June 22, 2021 · 18 min read

Yandi LI

Machine Learning Engineer @ Weibo

@作者: 机器学习算法 @迪吉老农

最近使用GBDT时，想通过分布式进行训练，尝试了一些框架，但原理不太了解。有些东西与同事讨论后，也还不甚明了，于是专心看了一下文档，在此记录一下。

1、分布式原理

常用分布式训练方式，应该是参数服务器。worker把sample的统计结果推送到单台参数服务器机器上，参数服务器汇总后，再推送到worker端。有点类似于单reducer的方式。

相比于参数服务器的中心化方案，这里提到的都是去中心化方案。

LightGBM与XGBoost的其中一个区别，是实现了真正的分布式，原因是LightGBM不依托hive，TaskManager之间可以暴露端口进行通信，而Hivemall依托Hive，只能实现无通信的分布式。

把这几种机制梳理一下，目前一共是4种方案，

Bagging
Feature Parallel
Data Parallel
Voting

其中，Bagging方式是不带通信机制的；另外三种则通过通信，做到了针对GBDT的分布式训练（好像可以类比，数据并行，模型并行？）

LightGBM文档建议，按照下面方式选择并行方式，

	#data is small	#data is large
#feature is small	Feature Parallel	Data Parallel
#feature is large	Feature Parallel	Voting Parallel

1.1、Bagging

完全非中心化的架构，通过Data Parallel的方式将数据打散为多份，分布式训练，最后训练多颗子树，在最终阶段进行Bagging输出。其实严格来说，这个不是GBDT分布式了，而是一个随机森林了。在Hivemall封装的XGB中，就是这样实现的。XGB的文档中，对于分布式的描述不多，没有看到其他带有通信机制的分布式的介绍。
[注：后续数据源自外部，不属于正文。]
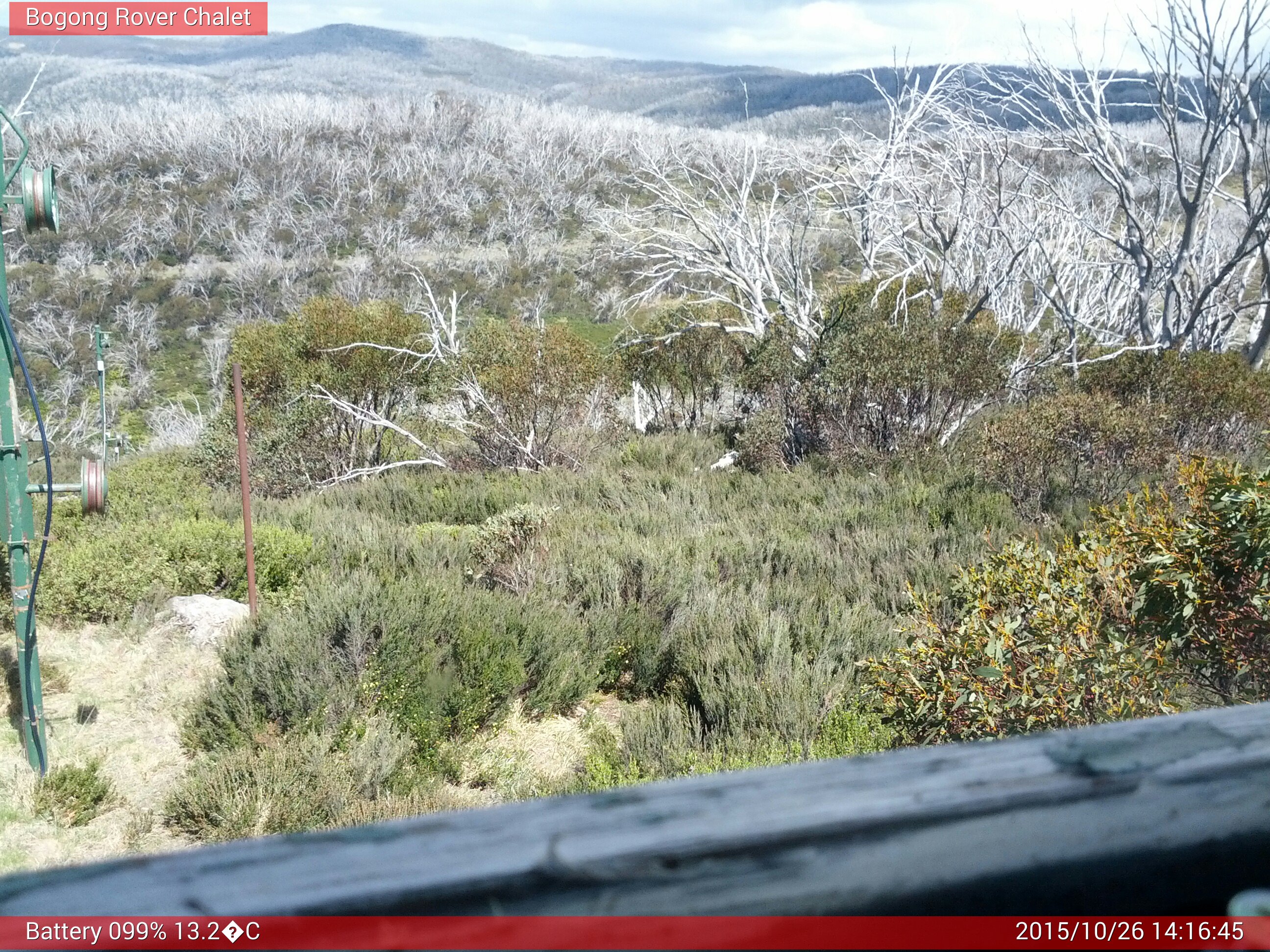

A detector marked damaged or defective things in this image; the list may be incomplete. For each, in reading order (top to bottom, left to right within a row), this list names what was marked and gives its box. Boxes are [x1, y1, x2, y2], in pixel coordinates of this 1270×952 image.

rusty metal post [233, 363, 258, 619]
具体训练流程后面介绍。

1.2、Feature Parallel

特征并行的训练方式，流程如下，

数据按列切分成不同的worker，
每个结点保留全部的数据，但分裂时只使用特定的特征，每个worker使用自己的feature进行分裂，输出候选的分裂集splits
worker之间通信，选取gain提升最多的split，然后统一执行相同的split

按特征切分

性能层面，由于每次分裂都是用全量数据，但是列变少了，所以数据量是瓶颈，时间复杂度O(#data)

1.3、Data Parallel

数据并行是类似于Bagging的方式，按照行进行分裂，区别是在于分裂点的计算上。Bagging的方式中，树与树之间是独立的，每棵树的分裂点都是只使用了1/n的数据计算的，前期的分裂应该还好，子样本与总样本之间统计差异不大，但是细分的时候可能就有点区别了。

数据并行下，每个worker统计自己的分裂点的数据，比如在一种分裂下，worker1内部：喜欢10人，不喜欢1人，worker2内部：喜欢5人，不喜欢2人，在汇总阶段就可以算出一种分裂下，整体是喜欢15人，不喜欢3人。注意，这还只是一种分裂，如果要考虑所有的分裂可能性，那这个计算和汇总工作就很大了。

按数据切分

具体说下，汇总的这个操作，是采用All-reduce的方式（将每台机器的子样本结果，发送给所有机器，然后在每台机器上都reduce全部的子样本；常规的reduce是把子样本结果发送给一台机器，在那台机器上汇总）。
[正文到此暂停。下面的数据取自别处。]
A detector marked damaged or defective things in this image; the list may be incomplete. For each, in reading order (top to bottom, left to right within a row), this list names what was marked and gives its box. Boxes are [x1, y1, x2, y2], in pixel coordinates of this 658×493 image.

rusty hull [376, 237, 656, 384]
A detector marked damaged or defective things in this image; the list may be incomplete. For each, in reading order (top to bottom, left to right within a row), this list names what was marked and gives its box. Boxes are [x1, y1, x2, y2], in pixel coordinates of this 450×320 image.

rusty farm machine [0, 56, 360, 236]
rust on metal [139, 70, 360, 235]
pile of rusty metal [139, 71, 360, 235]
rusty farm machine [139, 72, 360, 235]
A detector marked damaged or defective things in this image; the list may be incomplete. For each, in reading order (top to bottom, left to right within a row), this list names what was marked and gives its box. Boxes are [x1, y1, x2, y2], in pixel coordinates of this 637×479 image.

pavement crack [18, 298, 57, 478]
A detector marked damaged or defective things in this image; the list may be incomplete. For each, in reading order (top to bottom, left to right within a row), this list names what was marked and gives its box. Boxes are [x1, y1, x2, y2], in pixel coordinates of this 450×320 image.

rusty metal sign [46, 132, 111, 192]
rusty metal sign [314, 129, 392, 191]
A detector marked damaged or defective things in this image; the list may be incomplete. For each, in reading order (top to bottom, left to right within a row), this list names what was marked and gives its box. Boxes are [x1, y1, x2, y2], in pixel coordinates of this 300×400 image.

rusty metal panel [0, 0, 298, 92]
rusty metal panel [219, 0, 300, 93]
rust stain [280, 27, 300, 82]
这样的计算方式，通信成本的时间复杂度是O(2 * #feature * #bin)

LightGBM文档中是这么说，也没太看懂，估计会有常数倍的提升

Data Parallel in LightGBM

We reduce communication cost of data parallel in LightGBM:

Instead of “Merge global histograms from all local histograms”, LightGBM uses “Reduce Scatter” to merge histograms of different (non-overlapping) features for different workers. Then workers find the local best split on local merged histograms and sync up the global best split.

As aforementioned, LightGBM uses histogram subtraction to speed up training. Based on this, we can communicate histograms only for one leaf, and get its neighbor’s histograms by subtraction as well.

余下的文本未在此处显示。